Residents of Ottawa in Putnam County will be able to receive text alerts from the system that will be able to send out warnings alert at least 24 hours before a flood hits.
The $200,000 warning system will pay for itself because it will give people in the Putnam County town more time to protect their belongings, said Scott Jackson, a deputy director with the U.S. Geological Survey, which helped develop the system.
“People can help themselves to prepare,” he said. “They will have more time to move items such as cars and furniture out of the flood area.”
The estimated reduction in flood damage costs when there is a 24-hour advance notice is about 30 percent, he said.
Flood prevention has become a top priority along the Blanchard River where five major floods since 2007 have soaked the towns of Findlay and Ottawa.
The worst damage came in August 2007 when flooding caused more than $100 million in damage in Findlay and an estimated $12 million in damage in Ottawa.
Findlay received a warning system three years ago.
The cost of the system in now is being paid for by the town, the U.S. Geological Survey and the Natural Resources Conservation Service. It includes three stream gauges to monitor water flow and levels.
“We take lessons from past floods, integrate them with detailed mapping, then bring the community and outside agencies together to improve our flood warnings capabilities,” said Trent Schade, a hydrologist with the weather service.
A map of the area will give officials a better idea of what areas will be under water as the water rises.

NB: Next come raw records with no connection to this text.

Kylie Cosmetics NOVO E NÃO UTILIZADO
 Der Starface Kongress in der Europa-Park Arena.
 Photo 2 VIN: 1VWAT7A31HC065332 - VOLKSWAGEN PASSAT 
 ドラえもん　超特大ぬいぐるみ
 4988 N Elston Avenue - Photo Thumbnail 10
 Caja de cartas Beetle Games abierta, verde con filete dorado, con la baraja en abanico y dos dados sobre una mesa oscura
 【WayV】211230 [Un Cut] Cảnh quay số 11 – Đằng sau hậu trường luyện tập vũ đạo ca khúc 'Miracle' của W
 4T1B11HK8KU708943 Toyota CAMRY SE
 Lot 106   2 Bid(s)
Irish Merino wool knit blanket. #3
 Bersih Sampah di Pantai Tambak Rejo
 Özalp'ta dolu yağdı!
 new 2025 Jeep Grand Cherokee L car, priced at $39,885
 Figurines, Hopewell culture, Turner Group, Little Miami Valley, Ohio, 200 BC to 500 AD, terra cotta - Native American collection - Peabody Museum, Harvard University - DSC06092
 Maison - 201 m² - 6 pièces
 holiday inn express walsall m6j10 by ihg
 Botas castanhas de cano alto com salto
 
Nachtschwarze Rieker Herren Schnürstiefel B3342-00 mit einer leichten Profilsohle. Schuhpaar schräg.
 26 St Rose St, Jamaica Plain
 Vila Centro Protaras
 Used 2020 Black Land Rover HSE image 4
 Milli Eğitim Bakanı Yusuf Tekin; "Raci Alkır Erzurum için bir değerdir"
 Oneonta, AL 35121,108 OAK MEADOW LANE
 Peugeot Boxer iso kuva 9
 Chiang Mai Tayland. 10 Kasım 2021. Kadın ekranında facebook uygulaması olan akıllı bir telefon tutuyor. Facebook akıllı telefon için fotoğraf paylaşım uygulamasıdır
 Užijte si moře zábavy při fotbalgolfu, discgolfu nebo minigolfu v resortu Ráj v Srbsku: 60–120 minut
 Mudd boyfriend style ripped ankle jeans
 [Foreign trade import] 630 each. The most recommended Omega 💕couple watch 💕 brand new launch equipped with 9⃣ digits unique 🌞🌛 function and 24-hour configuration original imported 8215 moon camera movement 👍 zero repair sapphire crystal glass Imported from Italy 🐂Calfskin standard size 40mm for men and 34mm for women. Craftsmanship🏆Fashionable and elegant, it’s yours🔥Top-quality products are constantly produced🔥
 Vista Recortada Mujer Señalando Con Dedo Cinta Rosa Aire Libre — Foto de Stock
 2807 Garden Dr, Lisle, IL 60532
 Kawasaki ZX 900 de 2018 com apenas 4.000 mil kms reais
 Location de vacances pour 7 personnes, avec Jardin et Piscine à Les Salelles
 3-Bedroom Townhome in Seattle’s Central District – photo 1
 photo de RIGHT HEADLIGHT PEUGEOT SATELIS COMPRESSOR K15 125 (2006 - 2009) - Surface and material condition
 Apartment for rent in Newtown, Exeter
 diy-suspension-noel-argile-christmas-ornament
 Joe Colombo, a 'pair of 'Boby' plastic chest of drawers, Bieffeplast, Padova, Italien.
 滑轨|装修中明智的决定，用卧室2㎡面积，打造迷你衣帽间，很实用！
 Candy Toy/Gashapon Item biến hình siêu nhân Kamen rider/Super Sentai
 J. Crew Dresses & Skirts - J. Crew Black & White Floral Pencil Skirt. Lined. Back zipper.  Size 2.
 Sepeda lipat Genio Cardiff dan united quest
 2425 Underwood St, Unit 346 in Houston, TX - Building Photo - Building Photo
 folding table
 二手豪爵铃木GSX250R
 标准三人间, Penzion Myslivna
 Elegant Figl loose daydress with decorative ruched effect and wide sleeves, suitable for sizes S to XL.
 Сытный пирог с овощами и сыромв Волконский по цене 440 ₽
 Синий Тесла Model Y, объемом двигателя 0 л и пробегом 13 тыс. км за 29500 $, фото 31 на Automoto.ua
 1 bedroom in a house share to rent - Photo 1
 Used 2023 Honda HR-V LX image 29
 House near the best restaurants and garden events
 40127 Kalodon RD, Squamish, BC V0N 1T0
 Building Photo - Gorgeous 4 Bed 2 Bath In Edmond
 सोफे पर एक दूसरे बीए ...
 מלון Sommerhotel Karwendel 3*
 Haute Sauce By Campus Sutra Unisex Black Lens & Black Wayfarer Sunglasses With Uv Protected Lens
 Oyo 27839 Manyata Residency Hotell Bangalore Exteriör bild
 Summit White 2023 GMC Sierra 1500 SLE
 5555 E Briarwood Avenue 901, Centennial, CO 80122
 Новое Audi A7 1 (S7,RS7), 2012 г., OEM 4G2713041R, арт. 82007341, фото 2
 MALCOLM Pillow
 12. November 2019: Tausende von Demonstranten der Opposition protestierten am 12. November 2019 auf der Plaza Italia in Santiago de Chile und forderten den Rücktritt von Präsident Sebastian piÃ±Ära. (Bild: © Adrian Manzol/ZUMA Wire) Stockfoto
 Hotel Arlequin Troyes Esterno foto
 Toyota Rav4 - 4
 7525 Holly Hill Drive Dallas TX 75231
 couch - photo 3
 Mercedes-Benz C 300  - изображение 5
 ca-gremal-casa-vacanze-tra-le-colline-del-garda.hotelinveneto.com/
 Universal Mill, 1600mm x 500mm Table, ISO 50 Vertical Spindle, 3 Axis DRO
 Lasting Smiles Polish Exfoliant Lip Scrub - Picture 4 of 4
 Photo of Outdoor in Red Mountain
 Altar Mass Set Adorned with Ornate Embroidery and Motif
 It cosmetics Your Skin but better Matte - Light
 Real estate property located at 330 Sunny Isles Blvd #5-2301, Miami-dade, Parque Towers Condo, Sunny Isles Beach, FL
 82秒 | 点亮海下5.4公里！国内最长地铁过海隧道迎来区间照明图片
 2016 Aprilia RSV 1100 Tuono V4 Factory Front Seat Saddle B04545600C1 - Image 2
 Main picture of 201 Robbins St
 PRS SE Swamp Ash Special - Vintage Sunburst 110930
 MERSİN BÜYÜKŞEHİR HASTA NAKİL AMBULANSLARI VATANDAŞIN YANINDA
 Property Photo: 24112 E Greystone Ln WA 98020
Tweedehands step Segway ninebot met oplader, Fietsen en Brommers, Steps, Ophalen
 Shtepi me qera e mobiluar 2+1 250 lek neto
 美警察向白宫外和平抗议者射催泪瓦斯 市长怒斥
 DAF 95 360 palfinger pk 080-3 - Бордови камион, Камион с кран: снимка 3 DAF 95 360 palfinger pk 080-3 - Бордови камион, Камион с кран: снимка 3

Residents and business owners will be able to see the maps on the Internet.
“They help people visualize which areas will likely be flooded as the stage gets higher,” said Matt Whitehead, a Geological Survey hydrologist.
Other efforts to find ways to control flooding have been going on for several years, but the slowness of federally required flood studies and the uncertainty over how long it will take to build flood-control projects have led to frustration.